Price’s Hunchback, made in 2000, is a really funny, awkward looking orange and green organism-like thing. It has a skinny nose that curls up on one end, an arched tummy — or back — in the middle and a round, squat behind on the other end. Underneath the middle part, Price painted the sculpture a fluorescent purple. Bend over, and you should be able to glimpse it: the beautiful, bright-colored underside of an ungainly splotched body.

Hunchbacks are supposed to be ugly. Isn’t that the whole point of the Hunchback of Notre Dame story? The ugly being has run-ins with beauty but is fated for tragedy. Only, as soon as Victor Hugo published the novel, the Hunchback had our sympathy and his name became synonymous with lyrical storytelling.

Price’s Hunchback is singular and arresting — it looks like nothing else — which makes it really hard to think of it as ugly, unless you’re of the “what I don’t relate to repels me” school.

Sheila Heti, Ryan Kamstra, Sholem Krishtalka, Margaux Williamson. Photo by Lee Towndrow, via Paris Review.

I’ve been thinking about ugliness and art because I just finished Toronto writer Sheila Heti’s fictionalized memoir, How Should a Person Be?

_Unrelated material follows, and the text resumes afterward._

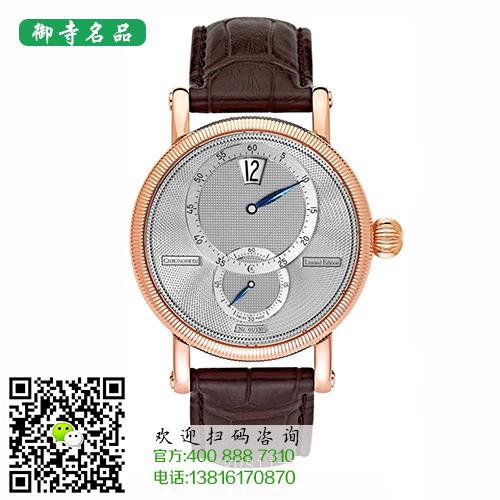 淮安回收百达翡丽江诗丹顿表回收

It’s book-ended by an “Ugly Painting” contest. The challenge is issued at the book’s beginning, when Heti and her friends are at brunch:

I remember none of the details of our conversation until the subject turned to ugliness. I said that a few years ago I had looked around at my life and realized that all the ugly people had been weeded out. Sholem said he couldn’t enjoy a friendship with someone he wasn’t attracted to. Margaux said it was impossible for her to picture an ugly person, and Misha remarked that ugly people tend to stay at home.

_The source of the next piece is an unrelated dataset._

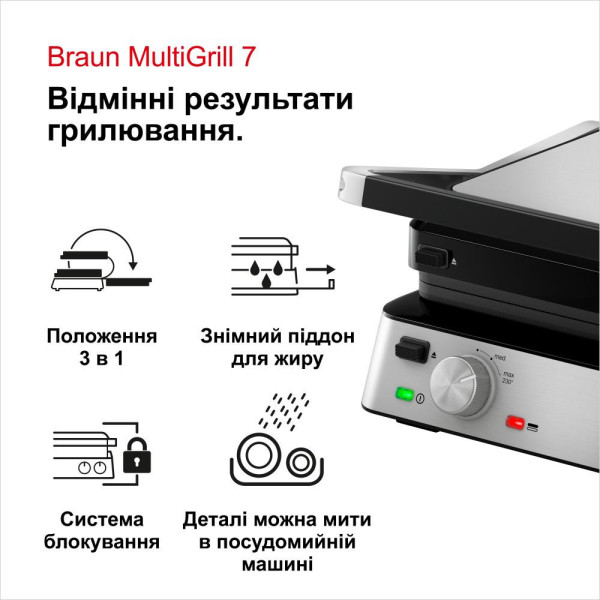 Электрогриль прижимной Braun MultiGrill 7 CG 7020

These are a few of the sordid fruits that led to the Ugly Painting Competition.
It is decided that Margaux and Sholem, both painters, will compete to see who can produce the ugliest painting. It takes until the very end of the book for Margaux to finish her ugly painting — Sholem does his much more quickly. In the last section, the same group that brunched together gets together to see and critique the two paintings. They flip a coin to see who will go first. It’s heads, and Sholem unveils his painting. He had done everything he hated most about what his painting students did. The group agrees its ugly and unpleasant to look at. But unpleasant seems to mean uninteresting to look at or think about, because Heti offers no observations or compelling thoughts about the ugliness Sholem has produced. Margaux goes next. Her painting is called Woman Time. She tries to explain the feelings that preceded it:
Well everything I like is ugly-beautiful. For me, what’s truly ugly is, like, tight blue jeans with a cowboy boots and a lot of makeup — restrained things. That’s really ugly — or like a really detailed drawing of a rocking horse. I think anything tight is truly ugly for me. Not ugly for the world — people love that — but it just looks awful to me. It looks like death.

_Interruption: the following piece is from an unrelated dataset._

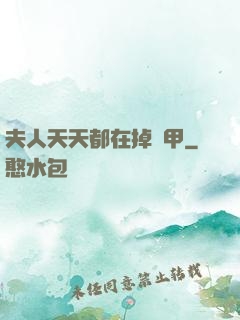 夫人天天都在掉馬甲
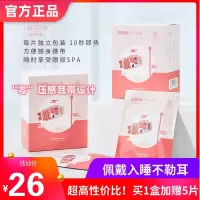 蒸汽热敷眼罩睡眠加热睡觉缓解眼疲劳黑眼圈眼贴sk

She didn’t know how to make that ugliness into a painting, so she just worked instinctively. Yellow and black seemed ugly to her and she used those colors, then the painting became vagina-like, and she let it become that way, despite her resistance to such imagery. Of course, while the group’s talk about Sholem’s painting lasts for less than a page, they go on and on about Margaux’s. So which one is uglier? They never decide, not officially. But probably, if Margaux’s had a purple painted underbelly people would be compelled enough to bend over and see.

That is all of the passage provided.